▶ [Exercise instructions]:
Write out each line of the entries exactly, starting at the first and finishing with the line that contains "Dacia Jogger ECO-G".
Top of Record excerpts
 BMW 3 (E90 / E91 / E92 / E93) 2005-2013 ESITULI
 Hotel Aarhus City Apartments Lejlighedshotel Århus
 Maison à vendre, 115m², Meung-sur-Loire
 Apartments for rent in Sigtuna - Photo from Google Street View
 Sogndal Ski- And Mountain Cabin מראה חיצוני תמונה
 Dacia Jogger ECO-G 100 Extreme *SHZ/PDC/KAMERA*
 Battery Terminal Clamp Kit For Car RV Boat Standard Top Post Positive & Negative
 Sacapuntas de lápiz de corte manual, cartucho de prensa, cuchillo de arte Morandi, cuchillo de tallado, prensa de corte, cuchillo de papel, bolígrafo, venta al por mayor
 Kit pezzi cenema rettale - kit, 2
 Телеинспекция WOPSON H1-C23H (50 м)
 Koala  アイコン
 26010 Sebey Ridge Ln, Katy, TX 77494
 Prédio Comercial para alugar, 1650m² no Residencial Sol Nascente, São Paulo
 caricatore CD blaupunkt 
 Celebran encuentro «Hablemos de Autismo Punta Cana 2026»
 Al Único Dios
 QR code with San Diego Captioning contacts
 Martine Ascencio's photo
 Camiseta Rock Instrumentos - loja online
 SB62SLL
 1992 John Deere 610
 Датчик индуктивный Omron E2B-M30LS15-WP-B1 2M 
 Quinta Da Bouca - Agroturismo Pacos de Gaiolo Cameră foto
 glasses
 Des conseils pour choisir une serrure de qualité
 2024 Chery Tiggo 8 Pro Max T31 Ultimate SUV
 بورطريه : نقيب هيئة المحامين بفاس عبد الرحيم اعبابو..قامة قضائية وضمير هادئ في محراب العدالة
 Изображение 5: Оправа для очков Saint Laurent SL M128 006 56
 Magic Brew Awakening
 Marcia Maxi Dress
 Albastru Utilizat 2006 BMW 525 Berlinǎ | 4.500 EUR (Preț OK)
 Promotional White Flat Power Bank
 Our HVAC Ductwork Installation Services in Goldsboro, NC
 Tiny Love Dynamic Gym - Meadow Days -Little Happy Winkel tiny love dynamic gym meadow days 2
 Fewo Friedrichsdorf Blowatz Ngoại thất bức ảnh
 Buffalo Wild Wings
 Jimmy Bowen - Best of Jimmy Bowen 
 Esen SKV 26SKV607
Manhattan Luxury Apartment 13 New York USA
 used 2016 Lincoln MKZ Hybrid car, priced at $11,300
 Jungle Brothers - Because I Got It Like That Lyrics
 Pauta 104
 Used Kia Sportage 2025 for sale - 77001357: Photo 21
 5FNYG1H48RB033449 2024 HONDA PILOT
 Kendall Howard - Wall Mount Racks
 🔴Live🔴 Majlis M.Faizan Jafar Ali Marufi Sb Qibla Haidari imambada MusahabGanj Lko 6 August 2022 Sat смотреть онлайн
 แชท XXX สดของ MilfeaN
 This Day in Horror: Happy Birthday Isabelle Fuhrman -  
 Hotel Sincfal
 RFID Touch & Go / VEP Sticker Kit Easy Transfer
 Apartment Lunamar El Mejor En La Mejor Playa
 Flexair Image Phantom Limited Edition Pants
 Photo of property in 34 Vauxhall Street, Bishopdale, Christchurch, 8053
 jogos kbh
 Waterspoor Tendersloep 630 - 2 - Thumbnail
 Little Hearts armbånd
Bottom of Record excerpts
▶ [Response for this exercise]:
 BMW 3 (E90 / E91 / E92 / E93) 2005-2013 ESITULI
 Hotel Aarhus City Apartments Lejlighedshotel Århus
 Maison à vendre, 115m², Meung-sur-Loire
 Apartments for rent in Sigtuna - Photo from Google Street View
 Sogndal Ski- And Mountain Cabin מראה חיצוני תמונה
 Dacia Jogger ECO-G 100 Extreme *SHZ/PDC/KAMERA*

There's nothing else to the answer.